"Mi Retrato" por el poeta malagueño Manuel Alcantara E-mail

Primero vivir, luego pintar. Para ganarse la vida o para revelarla o para apresar su fugacidad. Manolo Pacheco es un vitalista, un hombre bien avenido con el mundo que a pesar de eso, se construye otro mundo de líneas y colores. Monta a caballo, mira el mar desde una colina baja, olfatea por los alcores el aire benigno de la Axarquía, acaricia a sus dobermans y vuelve, una y otra vez, a su vocación, o sea a su destino. El destino de Pacheco es la pintura. Eso es lo que le constituye y le distingue, pero de pronto, le ha sido revelado que todo artista es su techo de exigencia. Sabe que le restan aún muchos años, pero ha decidido echar el resto. Situado en la frontera, hay que entender esta exposición como la clausura de una etapa y el inicio de otra. Seguirá siendo el mismo porque, como decían nuestro antepasados árabes, nadie puede saltarse su propia sombra, pero será distinto. Y otro será su zoo de cristal, aunque persista el aleteo de sus palomas y aunque sus caballos, que son del hipódromo de Da Vinci, sigan emprendiendo carreras perseguidos por sus crines.

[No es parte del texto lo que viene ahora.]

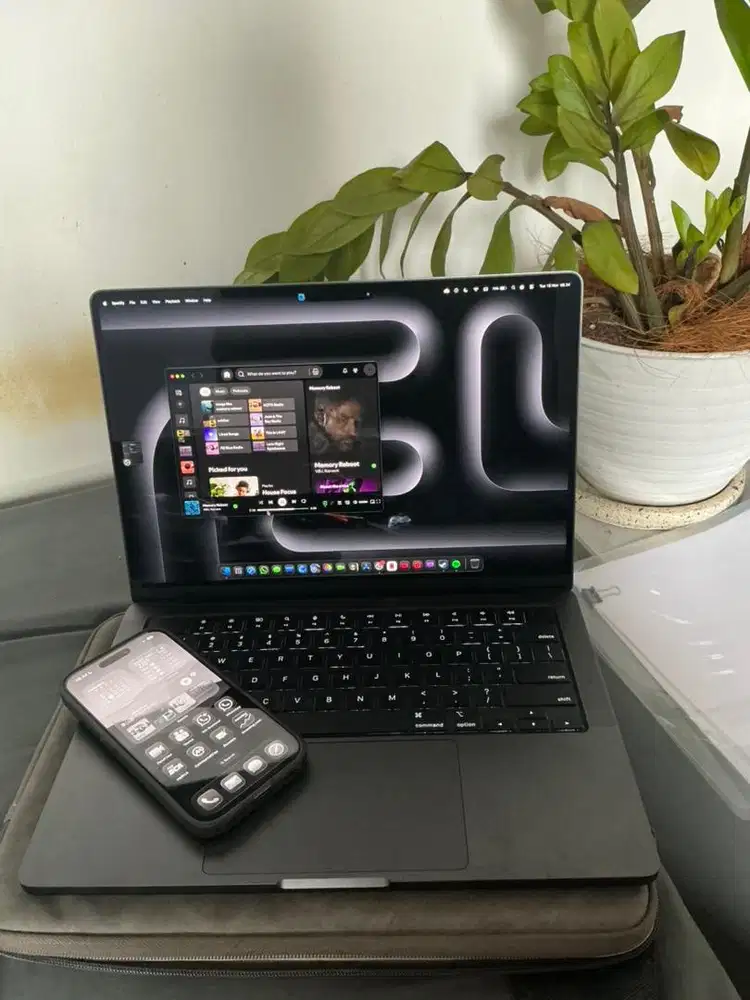 Apple MacBook Pro M4 16/512 garansi On Sept 2026 (pemakain 1 bln)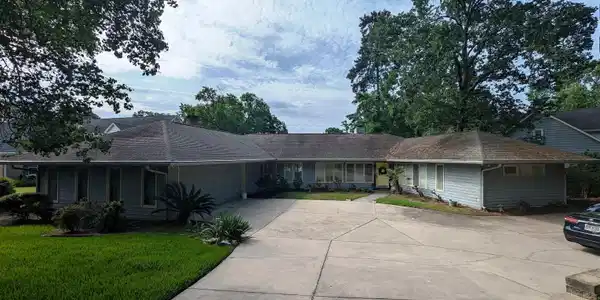 537 Shadowood Drive
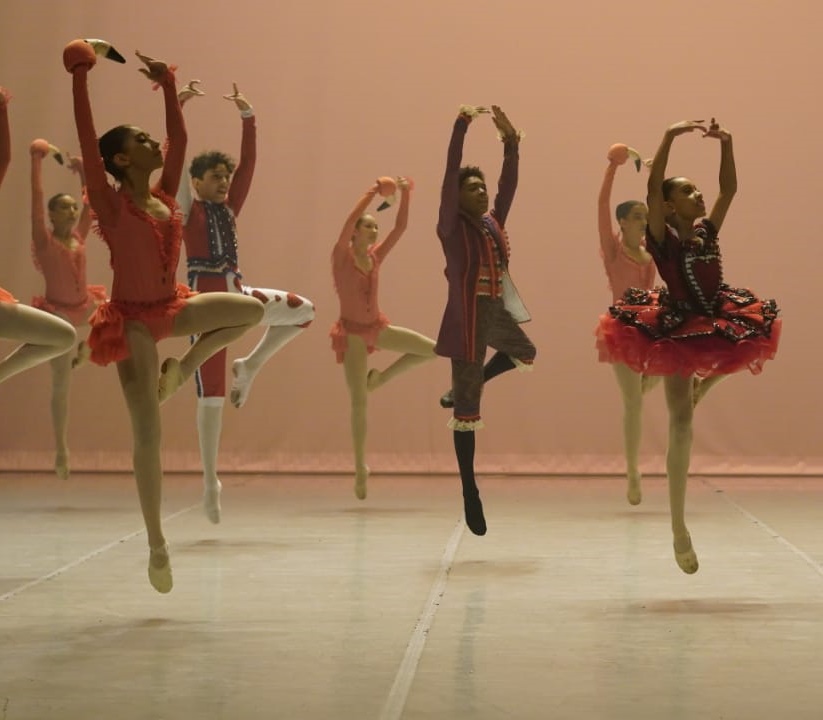 Basileu França é tetracampeão no maior festival de dança do mundo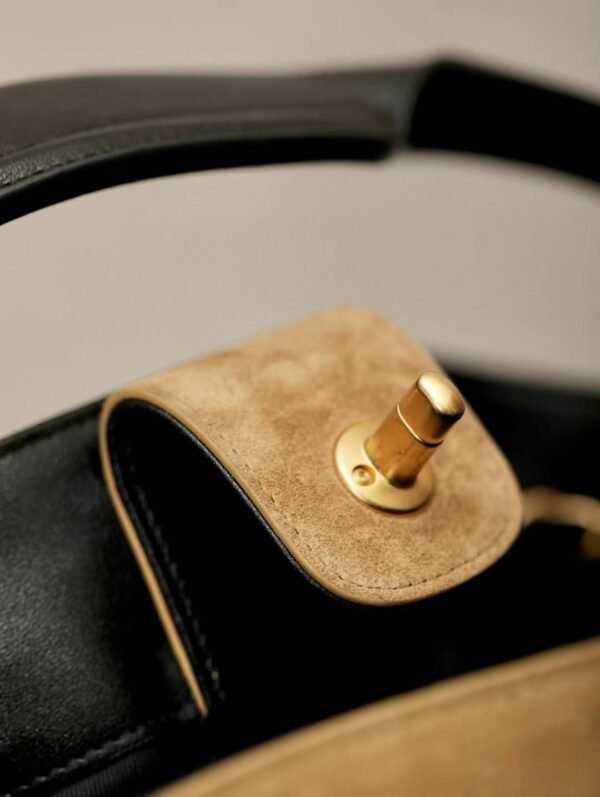 CHANEL Small Shopping Bag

Es la serenidad, junto a la aspiración de la luz, lo que determina el carácter de esta pintura matinal y soleada. Todos estos cuadros parecen hechos en un radiante mediodía. Manolo Pacheco, que es un artista inequivocamente andaluz, no pretende apesadumbrar a nadie reflejando los lados más crueles de la vida. Se limita a dar testimonio de lo cotidiano. Sabe, como lo supieron los griegos, que la pintura es una poesía muda. Por eso sus cuadros tienen silencio. Un silencio como de parque por donde nadie paseara. Un parque sólo habitado por sus bien amadas palomas. La paloma -"ave lasciva", dijo Góngora- es como un símbolo, no del espíritu, ni de la paz, sino del terrestre amor por los animales, esas "pobres almas mudas", esos misteriosos compañeros de viaje en esa extraña aventura que llamamos vivir. Manolo Pacheco, que tiene aire de profesor recién llegado de una universidad extranjera o de violinista austríaco, es en realidad un franciscano clandestino que mueve sus pinceles al dictado del pobrecito de Asís. Si a vuestra ventana llega una paloma, tratadla con cariño: procede del palomar del santo, que le ha dado licencia para que vuele desde el cuadro.